With just under a week to go for you to enter the Blog of the Courtier Birthday Contest, this week we will be taking a look at five persons related to the ideal of “sprezzatura”: Count Baldassare Castiglione’s idea that one ought to do whatever he does with a nonchalant grace.  It just so happens that today is the Feast of St. James the Apostle, the patron saint of Spain.  While Castiglione was more interested in educating us about the right way and the wrong way to go about doing temporal things, the honoring of St. James by pilgrimage to his shrine down the centuries provides those who undertake the task an opportunity for a kind of spiritual sprezzatura.

St. James was named the patron saint of Spain as a result of his missionary work there in the first century, and because of his tomb being in the town of Santiago de Compostela in the region of Galicia.  I am not going to delve into the historicity of the events surrounding his preaching in Spain, or the pious legends which have grown up around him and his relics.  Non-Catholics often mistakenly believe that Catholics are idol-worshipers because of our customs and traditions surrounding such things as relics, which of course is not true at all. However what matters for our purposes is the fact that people in the past and today believe that St. James is buried in this corner of Spain, and what they did to commemorate that belief.

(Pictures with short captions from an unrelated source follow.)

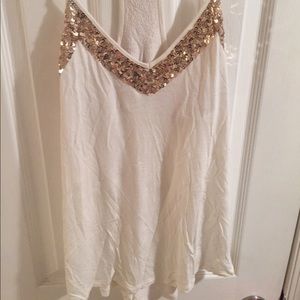 Women's flowy top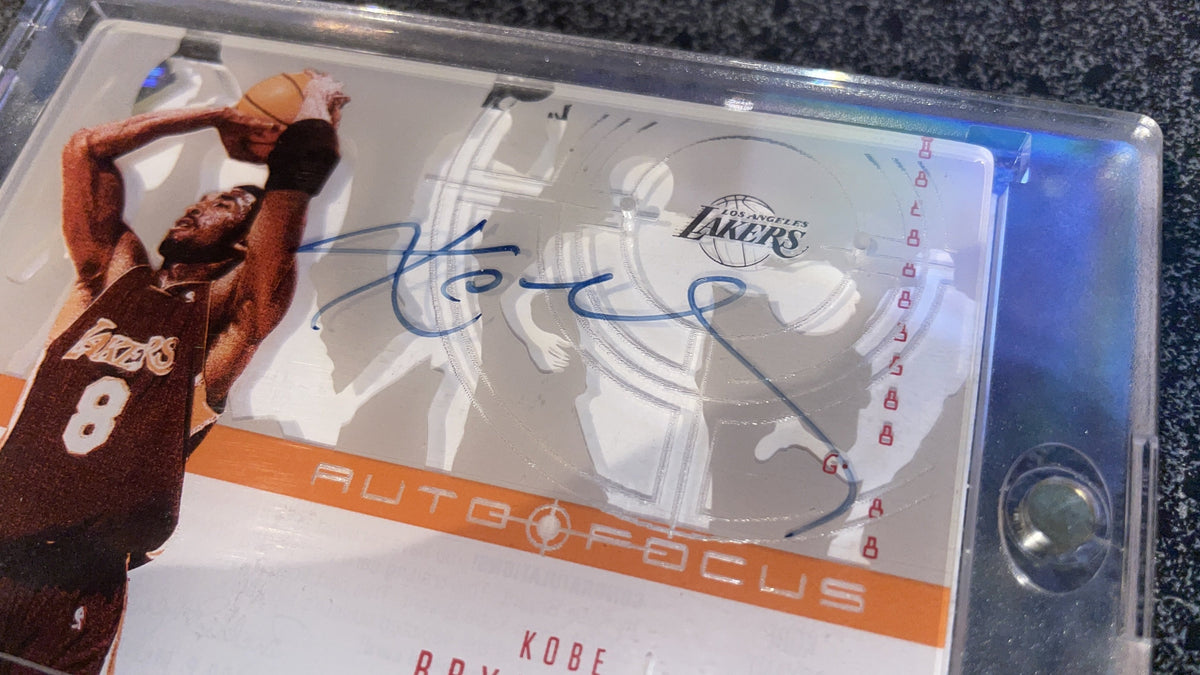 Kobe Bryant 2002-03 UD Glass Auto Focus #KB /50 – Basketball Card Guy
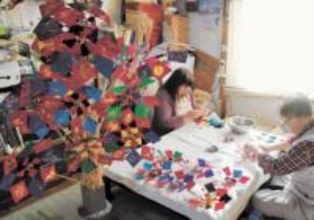 「景気よくな～れ」風車に願い込め　福島・会津若松で縁起物作り盛ん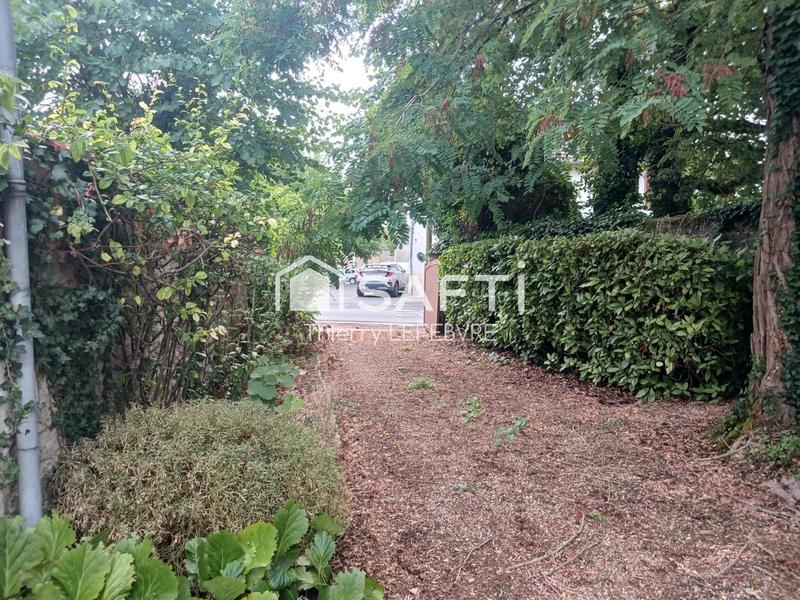 Maison - 223 m² - 7 pièces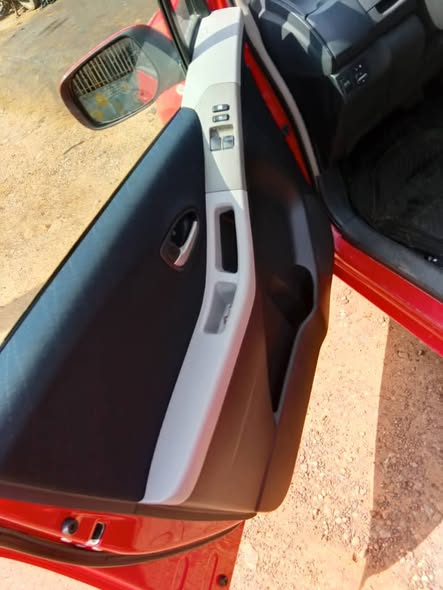 A picture of Toyota yaris 08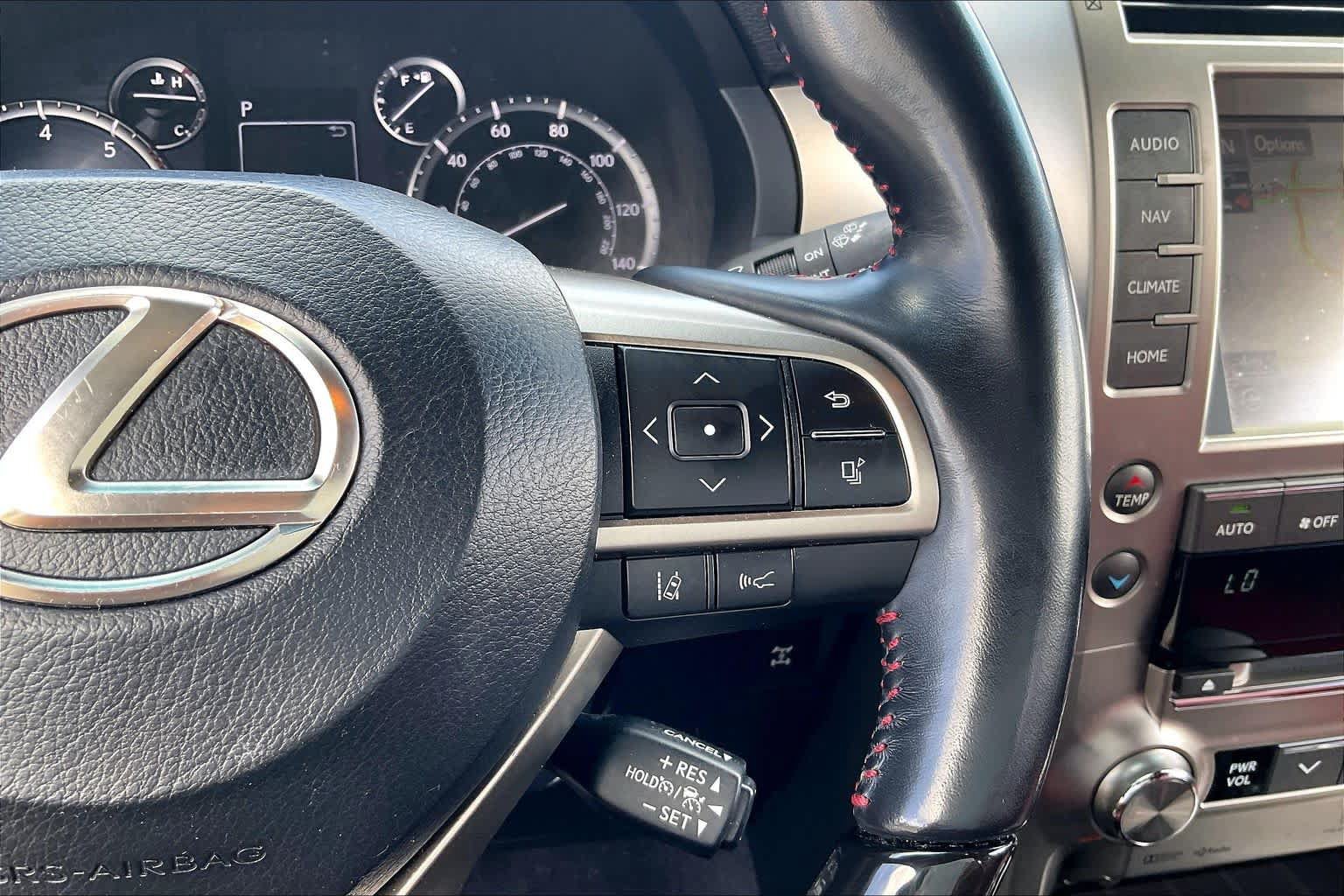 Used 2021 Lexus GX 460 Luxury w/ Off Road Package AWD/4WD image 22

This belief provided the basis for the opportunity to engage in the Camino de Santiago, or “Way of St. James”, which for centuries pilgrims have taken on foot across northern Spain to reach the Apostle’s tomb.  Depending on where you start, the walk to the cathedral city could take a few days, or a few months.  The iconic images of this pilgrimage include the wearing of a scallop shell on the hat or cloak, for the practical purpose of scooping up water or begging alms, and the carrying of a staff to help with one’s footing on rough paths or when fording streams. Along the way, the pilgrim would have the chance to reflect upon his life and atone for his sins, culminating in receiving the Sacrament of Penance at the cathedral dedicated to St. James and built over his burial-place.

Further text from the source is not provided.